Personal information
- Full name: Paul Breitner Villero Arevalo
- Date of birth: 7 October 1998 (age 27)
- Place of birth: Bogotá, Colombia
- Height: 1.69 m (5 ft 7 in)
- Positions: Midfielder; winger; forward;

Team information
- Current team: Seongnam FC
- Number: 10

Senior career*
- Years: Team / Apps / (Gls)
- 0000–2019: Ovetense
- 2019–2022: Rubio Ñu
- 2023: Náutico / 28 / (4)
- 2023–2024: Ponte Preta / 13 / (1)
- 2024: → Athletic (loan) / 24 / (2)
- 2025: Busan IPark / 36 / (6)
- 2026–: Seongnam FC / 13 / (1)

= Paul Villero =

Colombian footballer (born 1998)

Paul Breitner Villero Arevalo (born 7 October 1998) is a Colombian professional footballer who plays as a midfielder, winger, or forward for Seongnam FC.

==Early life==
Villero was born on 7 October 1998 in Bogotá, Colombia. Growing up, he worked as a shoe salesman.

==Career==
Villero started his career with Paraguayan side Ovetense. In 2019, he signed for Paraguayan side Rubio Ñu. Three years later, he signed for Brazilian side Náutico, where he made twenty-eight league appearances and scored four goals. Following his stint there, he signed for Brazilian side Ponte Preta in 2023, where he made thirteen league appearances and scored one goal.

During April 2024, he was sent on loan to Brazilian side Athletic, where he made twenty-four league appearances and scored two goals and helped the club achieve promotion from the third tier to the second tier. Ahead of the 2025 season, he signed for South Korean side Busan IPark.

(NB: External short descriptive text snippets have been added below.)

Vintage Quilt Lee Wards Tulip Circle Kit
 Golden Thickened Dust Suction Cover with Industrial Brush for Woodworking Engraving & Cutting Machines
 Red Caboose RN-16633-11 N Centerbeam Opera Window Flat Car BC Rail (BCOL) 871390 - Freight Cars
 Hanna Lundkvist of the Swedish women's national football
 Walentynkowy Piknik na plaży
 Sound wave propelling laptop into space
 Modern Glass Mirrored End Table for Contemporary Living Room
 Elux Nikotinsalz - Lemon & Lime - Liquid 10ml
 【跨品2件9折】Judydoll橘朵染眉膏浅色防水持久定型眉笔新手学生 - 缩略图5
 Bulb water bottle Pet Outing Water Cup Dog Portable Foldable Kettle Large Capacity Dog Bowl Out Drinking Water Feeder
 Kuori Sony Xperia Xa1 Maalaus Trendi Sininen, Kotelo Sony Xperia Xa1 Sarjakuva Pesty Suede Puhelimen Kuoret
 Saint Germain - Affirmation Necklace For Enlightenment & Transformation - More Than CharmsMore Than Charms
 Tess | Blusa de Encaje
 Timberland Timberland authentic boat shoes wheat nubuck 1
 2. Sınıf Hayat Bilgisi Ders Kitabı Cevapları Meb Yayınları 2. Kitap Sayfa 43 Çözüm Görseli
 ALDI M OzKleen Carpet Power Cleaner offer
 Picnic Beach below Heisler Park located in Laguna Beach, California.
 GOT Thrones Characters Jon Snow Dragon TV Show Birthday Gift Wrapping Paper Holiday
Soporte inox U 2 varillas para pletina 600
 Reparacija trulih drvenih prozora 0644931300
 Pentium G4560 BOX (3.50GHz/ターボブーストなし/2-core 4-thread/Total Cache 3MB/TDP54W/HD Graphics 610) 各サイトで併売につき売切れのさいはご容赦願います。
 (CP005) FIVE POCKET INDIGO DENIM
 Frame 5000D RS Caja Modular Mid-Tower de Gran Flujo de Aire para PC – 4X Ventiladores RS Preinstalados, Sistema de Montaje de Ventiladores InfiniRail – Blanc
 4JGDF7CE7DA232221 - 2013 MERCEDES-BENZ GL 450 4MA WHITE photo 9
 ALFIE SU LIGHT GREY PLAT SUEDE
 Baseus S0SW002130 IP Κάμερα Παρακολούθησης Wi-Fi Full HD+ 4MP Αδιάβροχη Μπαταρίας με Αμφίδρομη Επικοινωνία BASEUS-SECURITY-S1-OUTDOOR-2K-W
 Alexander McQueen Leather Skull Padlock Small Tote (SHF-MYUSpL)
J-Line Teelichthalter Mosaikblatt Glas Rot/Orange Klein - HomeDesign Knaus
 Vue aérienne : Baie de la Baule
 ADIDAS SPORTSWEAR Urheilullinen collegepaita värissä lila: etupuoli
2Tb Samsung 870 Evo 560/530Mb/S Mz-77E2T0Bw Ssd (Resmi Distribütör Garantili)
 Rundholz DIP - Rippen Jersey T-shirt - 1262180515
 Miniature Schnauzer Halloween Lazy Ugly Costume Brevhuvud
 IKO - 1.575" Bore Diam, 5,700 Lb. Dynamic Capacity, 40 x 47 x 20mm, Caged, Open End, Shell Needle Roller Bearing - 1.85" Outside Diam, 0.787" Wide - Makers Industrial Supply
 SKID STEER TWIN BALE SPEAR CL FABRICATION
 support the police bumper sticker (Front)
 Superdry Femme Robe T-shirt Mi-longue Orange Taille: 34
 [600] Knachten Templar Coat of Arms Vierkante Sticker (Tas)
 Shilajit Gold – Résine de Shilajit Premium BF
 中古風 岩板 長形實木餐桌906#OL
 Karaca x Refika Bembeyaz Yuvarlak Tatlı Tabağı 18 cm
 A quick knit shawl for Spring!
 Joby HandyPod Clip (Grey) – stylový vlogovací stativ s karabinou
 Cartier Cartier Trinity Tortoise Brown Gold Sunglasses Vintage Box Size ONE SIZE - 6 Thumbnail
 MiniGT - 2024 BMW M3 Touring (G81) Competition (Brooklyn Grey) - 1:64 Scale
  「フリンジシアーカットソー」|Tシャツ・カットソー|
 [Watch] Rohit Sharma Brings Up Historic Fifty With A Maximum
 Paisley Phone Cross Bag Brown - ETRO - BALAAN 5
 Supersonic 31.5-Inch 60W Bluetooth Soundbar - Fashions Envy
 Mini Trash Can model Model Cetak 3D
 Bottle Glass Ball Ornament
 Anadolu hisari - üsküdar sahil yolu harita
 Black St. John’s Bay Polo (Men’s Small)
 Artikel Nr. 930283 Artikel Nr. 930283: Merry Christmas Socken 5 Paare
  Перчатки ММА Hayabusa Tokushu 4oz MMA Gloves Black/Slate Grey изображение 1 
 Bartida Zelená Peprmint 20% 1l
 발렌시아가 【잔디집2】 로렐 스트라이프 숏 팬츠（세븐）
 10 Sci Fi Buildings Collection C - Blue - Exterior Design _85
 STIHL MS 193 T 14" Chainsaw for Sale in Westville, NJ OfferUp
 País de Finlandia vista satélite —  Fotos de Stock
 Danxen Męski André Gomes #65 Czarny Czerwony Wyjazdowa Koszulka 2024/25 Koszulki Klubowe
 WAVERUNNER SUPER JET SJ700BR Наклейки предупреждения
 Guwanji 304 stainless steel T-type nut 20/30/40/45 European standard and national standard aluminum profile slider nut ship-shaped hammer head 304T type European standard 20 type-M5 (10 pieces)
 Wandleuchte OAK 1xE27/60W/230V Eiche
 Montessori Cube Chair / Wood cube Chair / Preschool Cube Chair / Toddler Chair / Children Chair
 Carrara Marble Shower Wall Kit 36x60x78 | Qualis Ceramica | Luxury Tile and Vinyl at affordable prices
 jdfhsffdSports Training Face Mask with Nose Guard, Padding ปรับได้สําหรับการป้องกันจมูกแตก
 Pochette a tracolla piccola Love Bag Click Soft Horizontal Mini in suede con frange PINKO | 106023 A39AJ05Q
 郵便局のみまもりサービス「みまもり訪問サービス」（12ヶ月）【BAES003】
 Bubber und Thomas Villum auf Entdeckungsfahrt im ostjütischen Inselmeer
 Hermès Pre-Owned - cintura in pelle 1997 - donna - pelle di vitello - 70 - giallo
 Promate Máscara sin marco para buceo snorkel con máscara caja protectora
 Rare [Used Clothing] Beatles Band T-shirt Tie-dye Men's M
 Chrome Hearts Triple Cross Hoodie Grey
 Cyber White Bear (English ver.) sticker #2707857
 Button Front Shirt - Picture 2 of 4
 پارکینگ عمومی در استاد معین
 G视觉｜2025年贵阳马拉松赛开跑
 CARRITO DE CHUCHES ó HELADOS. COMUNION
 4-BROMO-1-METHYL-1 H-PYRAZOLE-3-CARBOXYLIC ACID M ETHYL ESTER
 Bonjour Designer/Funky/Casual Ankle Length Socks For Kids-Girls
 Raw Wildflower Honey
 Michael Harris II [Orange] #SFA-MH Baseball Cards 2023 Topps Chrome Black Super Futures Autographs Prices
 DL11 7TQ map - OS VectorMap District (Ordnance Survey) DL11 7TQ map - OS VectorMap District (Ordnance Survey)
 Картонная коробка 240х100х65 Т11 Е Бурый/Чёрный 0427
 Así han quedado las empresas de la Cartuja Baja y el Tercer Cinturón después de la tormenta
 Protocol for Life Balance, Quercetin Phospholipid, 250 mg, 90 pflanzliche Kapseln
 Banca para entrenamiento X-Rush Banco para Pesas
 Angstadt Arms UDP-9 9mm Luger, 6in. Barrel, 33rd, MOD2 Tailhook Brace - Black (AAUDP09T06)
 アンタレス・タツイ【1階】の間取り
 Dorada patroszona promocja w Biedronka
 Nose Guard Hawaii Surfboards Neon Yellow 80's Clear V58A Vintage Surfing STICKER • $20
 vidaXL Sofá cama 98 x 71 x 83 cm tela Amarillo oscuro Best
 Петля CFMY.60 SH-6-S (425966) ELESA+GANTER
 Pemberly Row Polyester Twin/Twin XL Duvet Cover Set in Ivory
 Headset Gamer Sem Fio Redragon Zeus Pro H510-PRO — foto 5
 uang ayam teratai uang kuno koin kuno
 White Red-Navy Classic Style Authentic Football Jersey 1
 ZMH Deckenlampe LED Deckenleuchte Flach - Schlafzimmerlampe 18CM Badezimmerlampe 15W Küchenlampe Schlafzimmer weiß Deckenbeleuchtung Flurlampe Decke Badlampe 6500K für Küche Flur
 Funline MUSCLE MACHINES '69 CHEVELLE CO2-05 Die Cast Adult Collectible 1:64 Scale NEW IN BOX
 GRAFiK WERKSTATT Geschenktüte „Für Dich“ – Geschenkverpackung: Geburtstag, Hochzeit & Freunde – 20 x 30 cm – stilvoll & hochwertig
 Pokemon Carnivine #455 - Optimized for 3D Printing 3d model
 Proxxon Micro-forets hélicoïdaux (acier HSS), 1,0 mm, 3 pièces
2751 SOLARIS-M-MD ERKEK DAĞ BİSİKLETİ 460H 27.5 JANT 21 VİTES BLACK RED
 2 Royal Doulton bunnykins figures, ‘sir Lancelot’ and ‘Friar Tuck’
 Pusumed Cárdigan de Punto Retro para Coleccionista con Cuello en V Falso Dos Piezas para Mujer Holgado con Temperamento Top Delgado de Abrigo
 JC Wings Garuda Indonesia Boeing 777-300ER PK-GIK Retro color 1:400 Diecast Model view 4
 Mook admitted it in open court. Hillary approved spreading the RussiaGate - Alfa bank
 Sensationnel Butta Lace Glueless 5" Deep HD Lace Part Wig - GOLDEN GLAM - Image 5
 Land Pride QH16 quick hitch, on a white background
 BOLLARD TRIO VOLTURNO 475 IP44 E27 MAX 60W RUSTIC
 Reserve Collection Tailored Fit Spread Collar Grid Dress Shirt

On 15 January 2026, Villero announce official signing to fellow K League 2 club, Seongnam FC for 2026 season.

==Style of play==
Villero plays as a midfielder, winger, or forward and is right-footed. Brazilian news website Terra wrote in 2025 that he has consistently contributed to playmaking and coordinating the attack, being used both as a playmaker and in more advanced positions. His presence has been valued... for his ability to maintain possession of the ball under pressure and his vision of the game in decisive situations".